- Заперли! - озабоченно шепнул Митрий. - Вот те и постоялый двор. И, глянь-ко, Василиска, с этой-то стороны никаких запоров нет, ни те щеколдочки, ни засовца какого. Во попались-то, а?
- Попались? - Девушка покачала головой. - А я б на месте хозяина точно так же и поступила. Ну кто мы для него? Невесть кто! Люди, как есть, незнаемые. А незнаемым людям доверять опасно. Так что ложимся-ка лучше спать, братец, утро вечера мудренее. Да и, думаю, отопрут нас поутру, выпустят.
- Хорошо бы, коли так… - укладываясь рядом с сестрицей, недоверчиво прошептал Митрий.
Неспокойно было у него на душе, ох, неспокойно. Банька эта, странный взгляд слуги, запертая дверь… Окна?
Отрок живо бросился к оконцу - маловато, да и свинцовым переплетом забрано. Впрочем, если постараться… Осторожненько подошел - Василиска уже спала, умаялась, бедная, - подергал руками переплет. Кажись, поддался… Ну, еще чуток, еще…

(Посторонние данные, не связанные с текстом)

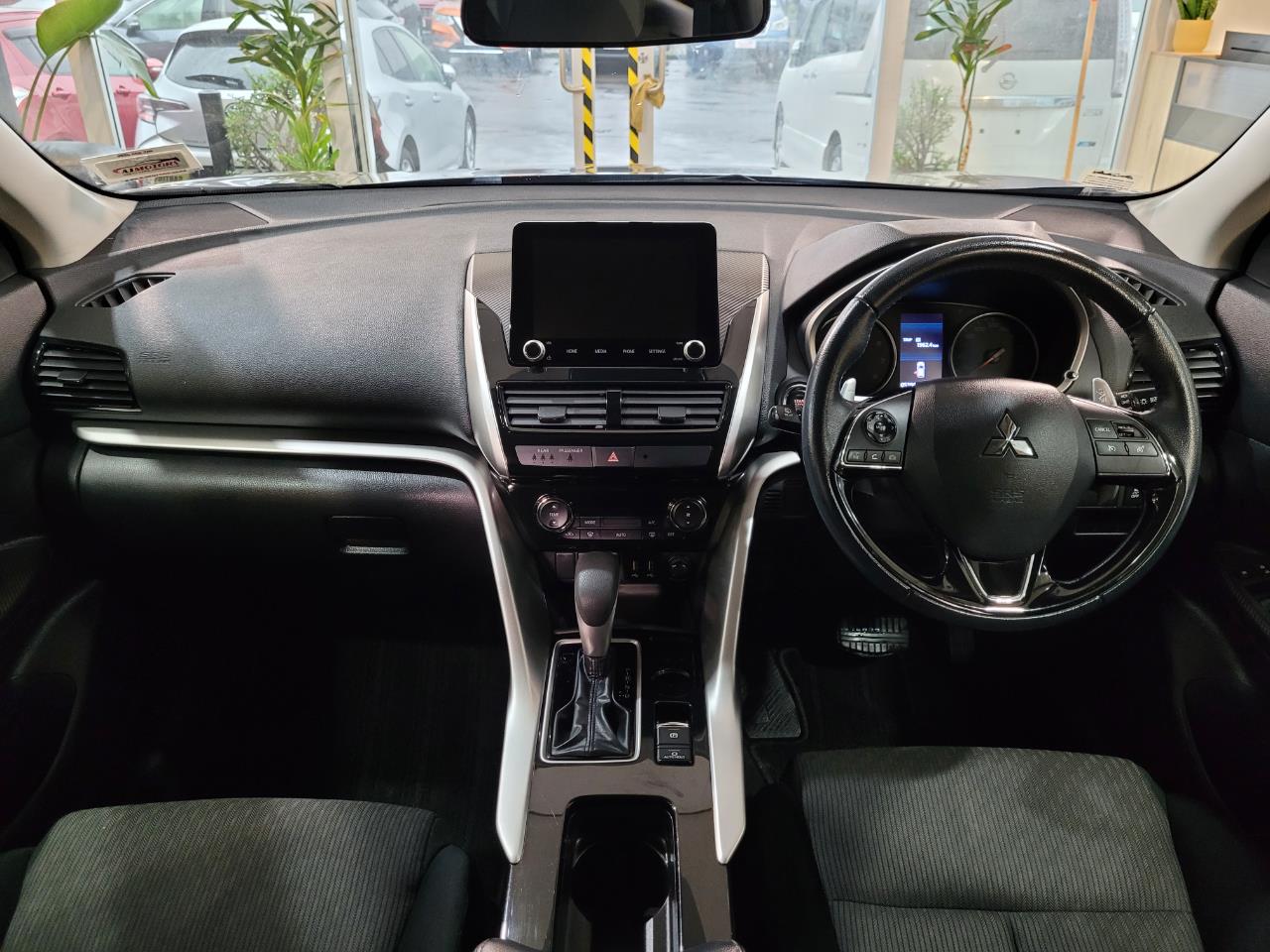 2021 Mitsubishi Eclipse Cross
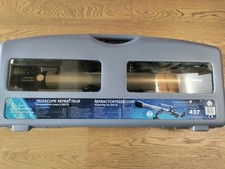Telescopio rifrattore escoop usato  Maniago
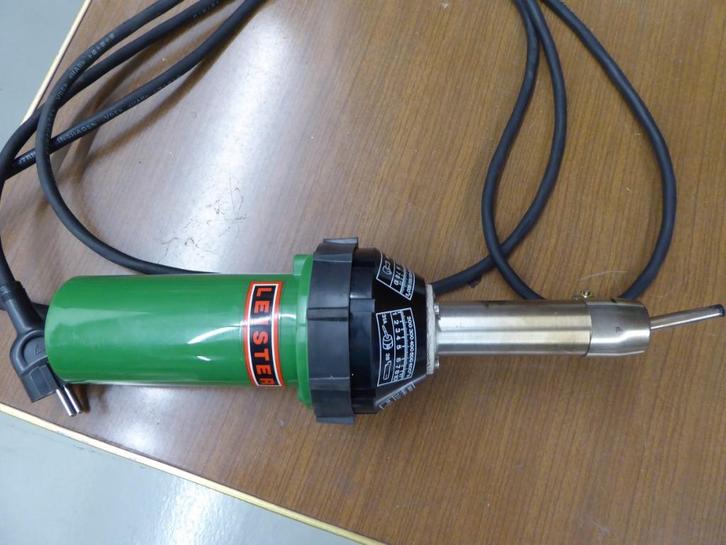 Leister kunstoflassen en producten - 1600 Watt, Doe-het-zelf en Bouw, Gereedschap | Handgereedschap, Nieuw, Ophalen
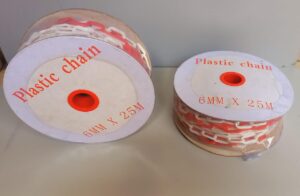 Plastic Chain Link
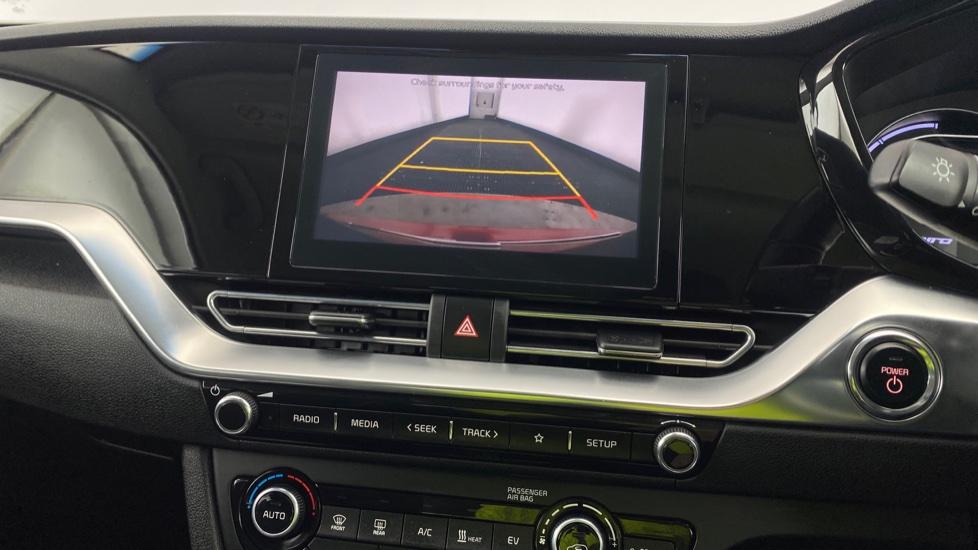 Rear view camera 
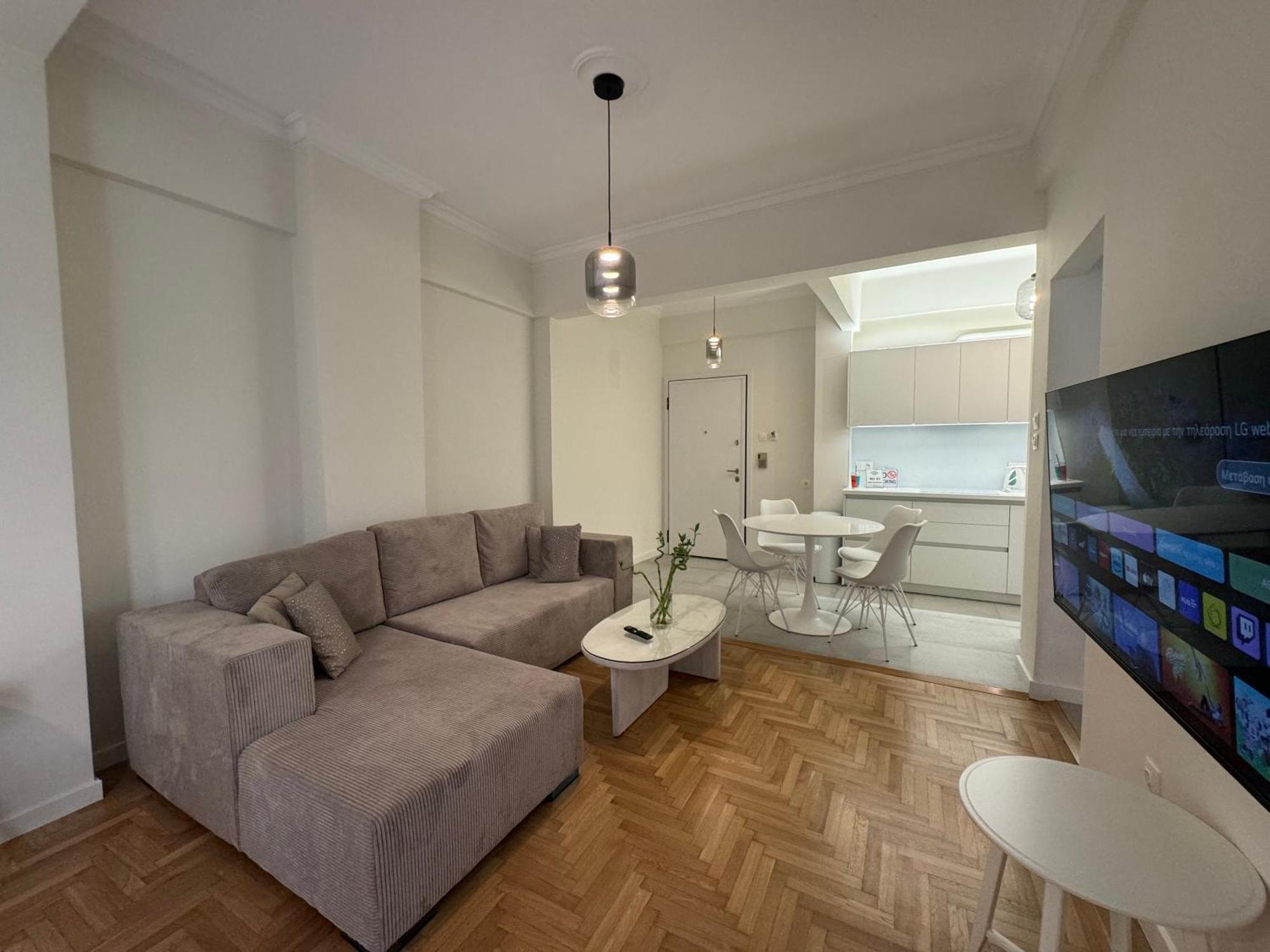 Appartamento Acropolis Flat Atene Esterno foto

Митька и сам не знал, зачем он это делает. Ведь, кроме каких-то смутных и наверняка совершенно безосновательных подозрений, против хозяина постоялого двора у него ничего не было. И скорее всего, абсолютно права была Василиска. Скорее всего… И все же стоит вылезти, хоть ненадолго, посмотреть, послушать, прикинуть что тут к чему.
Ага! Поддалась!
Стараясь не скрипеть, отрок вытащил переплет из рамы. В глухую тьму горницы ворвался шум ливня. Митька уважительно посмотрел наружу - ишь, как шпарит дождина. Тем лучше. Вылезти, посмотреть, как тут да что. И в первую очередь переговорить с Прошкой. Вылезти… Однако задачка та еще! Свинцовый переплет здесь явно играл декоративную роль, оконце было столь мало, что сквозь него не стоило и пытаться пролезть нормальному человеку. Взрослому. Или такому широкоплечему, как Прохор. Даже Василиске - и той не пролезть, девичьи прелести помешают. А вот что касается самого Митрия… Худющий, узкоплечий, верткий… Эх, жаль портки в котомке остались! Той, что сгорела в костре у обозников, вместе с портками и книжкой. Нет, благодаренье Господу, книжка все же не до конца сгорела и посейчас находилась в котомке у Прошки. Во! Ежели что, можно будет сказать, мол, к Проше за книжкою шел. Вернее, шла. Эх, грехи наши тяжкие - лезть-то надо.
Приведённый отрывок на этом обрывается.